第二节 构成要件:体系性和机能性思考
本书所探讨的构成要件论,乃是大陆法系规范刑法学中作为犯罪成立条件首要条件的构成要件论。在规范刑法学研究中,犯罪论体系的研究占据着中心的位置,我国台湾地区学者许玉秀甚至说:“犯罪阶层体系可以算是刑法学发展史上的钻石,它是刑法学发展到一定程度的结晶。”[1]从实际意义上讲,采纳阶层式的犯罪论体系,乃是出于两点考虑:首先是要有逻辑,在前面的审查步骤中不得以后面才加以审查的东西作为前提;其次是要讲经济,要尽量避免进行多余的审查。[2]
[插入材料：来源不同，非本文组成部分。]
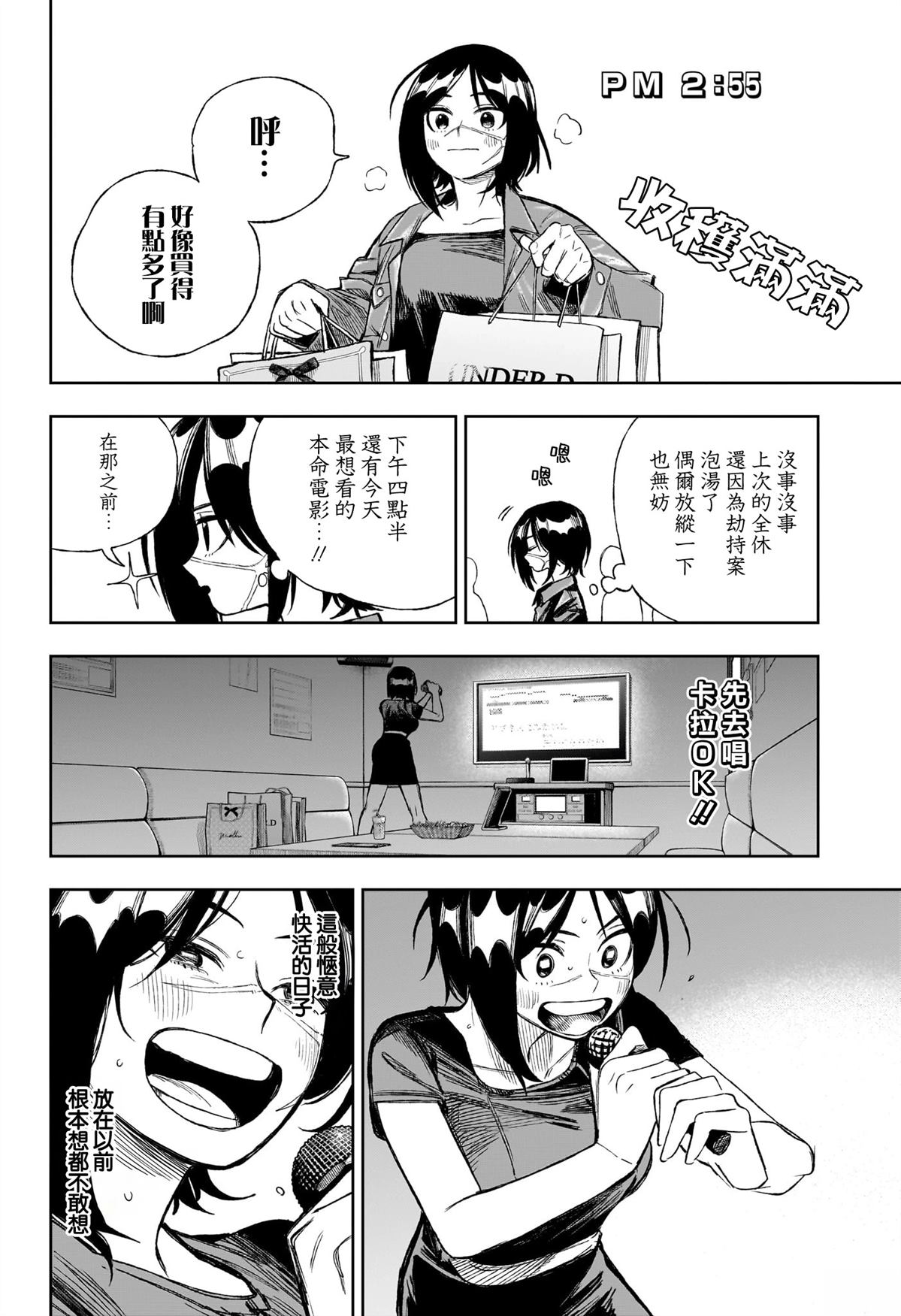 第15话7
近一百年来犯罪论体系的演变,是以(不法)构成要件论的不断发展作为基础的。这一点,不仅在德国是这样,在日本也是如此。这种严谨精细的体系性研究,有时甚至发达到人们觉得它太发达的地步了。[3]但是,诚如我国学者所说:“对于刑法学这样一个关切公民生杀予夺的学科来说,过分精细之过错远远小于粗放之过错。因此,没有经历过精细的我国刑法学,是没有资格指责大陆法系刑法学过分精细的。”[4]体系性思考的成就便是刑法学的精细化或精致化[5],而犯罪论体系的现代发展,一定程度上又是以(不法)构成要件论不断阐释作为前提的。在当代德国,自20世纪初以来,经过百年的发展,总论的框架性内容已臻于成熟,规范刑法学论争焦点集中于细节处理和分则诠释,因而,在教科书中刑法分则篇幅通常为刑法总则之两倍。传统的规范刑法学几乎成为“老人们玩的东西”,可见其已经讨论得较为成熟。而我国因现代化起步较晚且反复较多,吸收消化德国在刑法总论基本问题上的既有合理成果,不但经济,而且稳妥。
注释
[1]许玉秀:《当代刑法思潮》,54页,北京,中国民主法制出版社,2005。大陆也有学者称犯罪论体系为“刑法理论皇冠上的宝石”,见叶慧娟:《犯罪构成:实体性和程序性》,载陈兴良主编:《犯罪论体系研究》,97页,北京,清华大学出版社,2005。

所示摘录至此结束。